By the time winter gave way to spring, the Minnesota National Guard was supposed to be back from war. Austin's father, Sgt. 1st Class Corey Cassavant, would be fishing for walleye and bass and grilling his catch. Spec. Corey Stusynski would be behind the counter at his paint store and teaching Sunday school. Staff Sgt. Logan Wallace would be plowing the fields near Thief Lake.

But guard members from small towns such as Crookston, Goodridge and Fergus Falls are still patrolling Iraq, their tour extended by President Bush's troop buildup. When they finally return this summer, they will have been gone nearly two years, one of the longest stints of any guard unit since Sept. 11, 2001.

Their absence is evident in the parked pickup trucks and the vacant dining room chairs in communities across northern Minnesota.
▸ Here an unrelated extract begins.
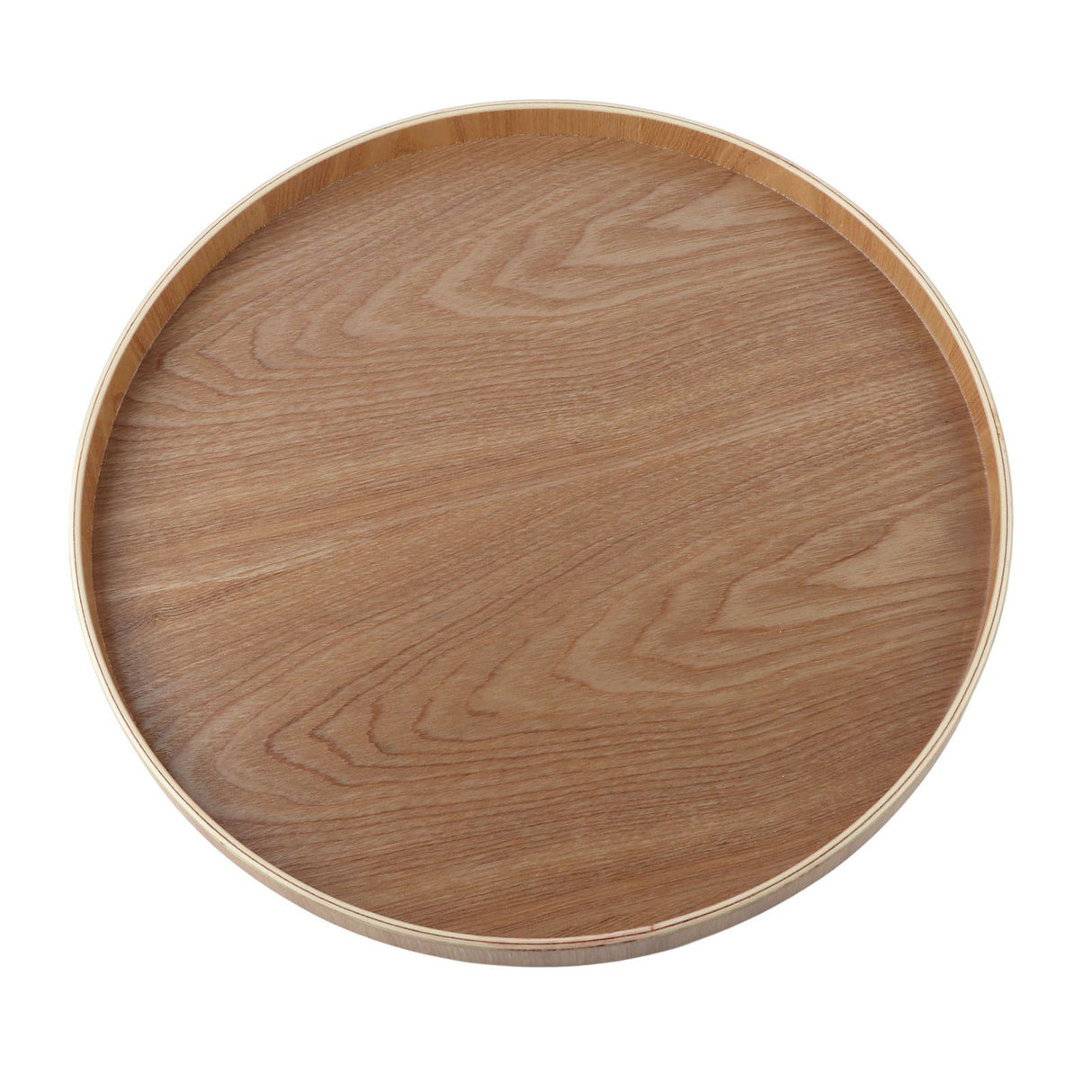 Round Shape Solid Wood Tea Coffee Snack Food Meals Serving Tray Plate Restaurant Trays Wooden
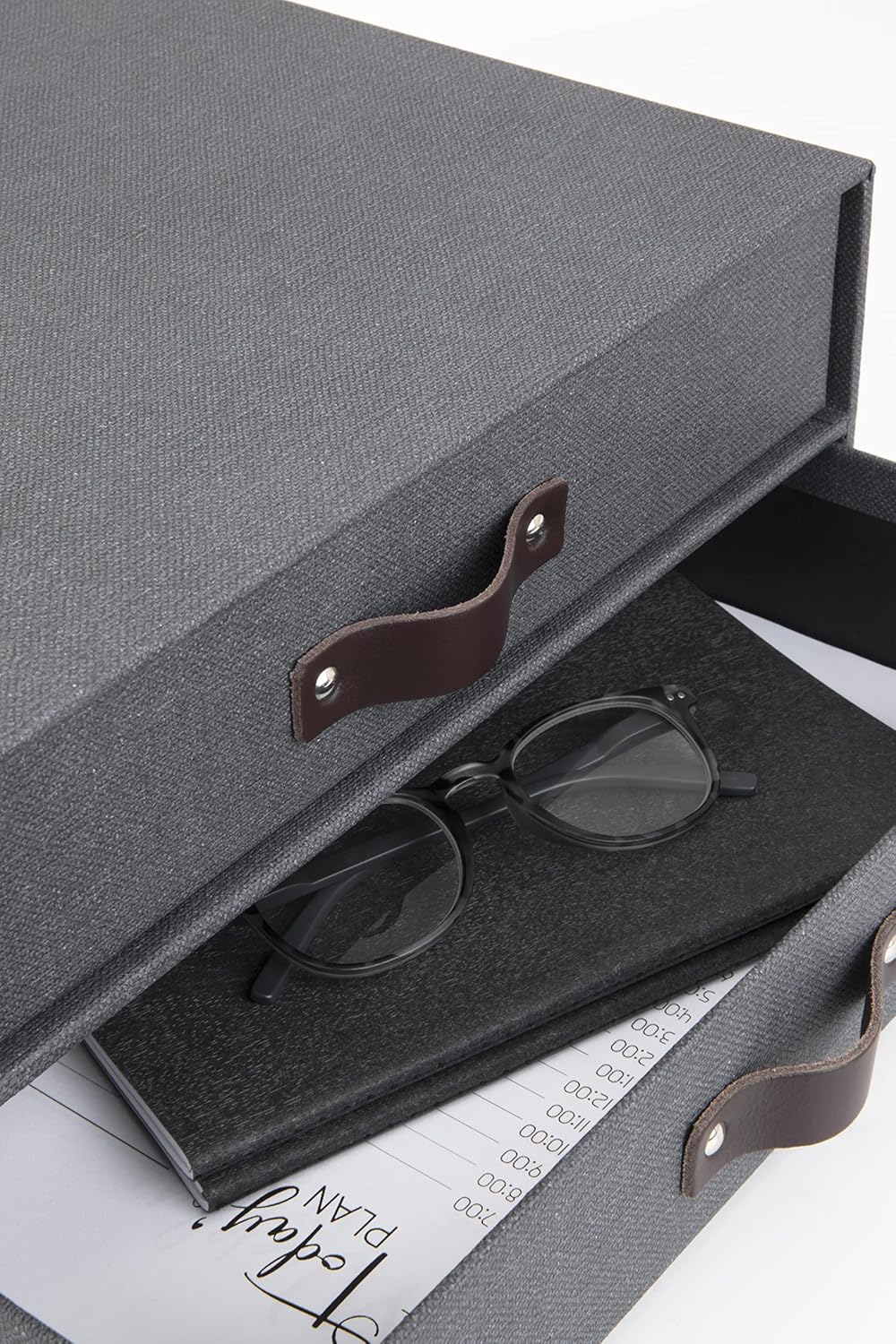 BIGSO BIRGER Schubladenbox – Aufbewahrungsbox mit 2 Schubladen – Schreibtisch Ablage für Dokumente &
It is clear in the weariness of friends and relatives who are filling in. As the deployment stretches on, children study their fathers in pixelated images. Bosses juggle assignments. Mothers juggle everything.

"How can I articulate that the absence is constant?" asked Jennifer Modeen, a social worker and mother of 4-year-old Sam and 10-year-old Hannah. "It's not like one day I had plumbing that didn't work and I thought, 'Oh, God, what I am I going to do because my husband's not here?' It's not that. It's the missing of the Christmas parties, the birthdays, the sadness that Sam feels."

At one point in nearby Fargo, N.D., 15 of the police department's 125 sworn officers were serving Guard duty abroad. "We're always running shorthanded," said Lt. Pat Claus, "and to be even more shorthanded puts an added stress on us."

Minnesota Gov. Tim Pawlenty (R) described a "ripple effect across so many lives and walks of life. They're really strong people, but even the strongest among us get frustrated and discouraged at times."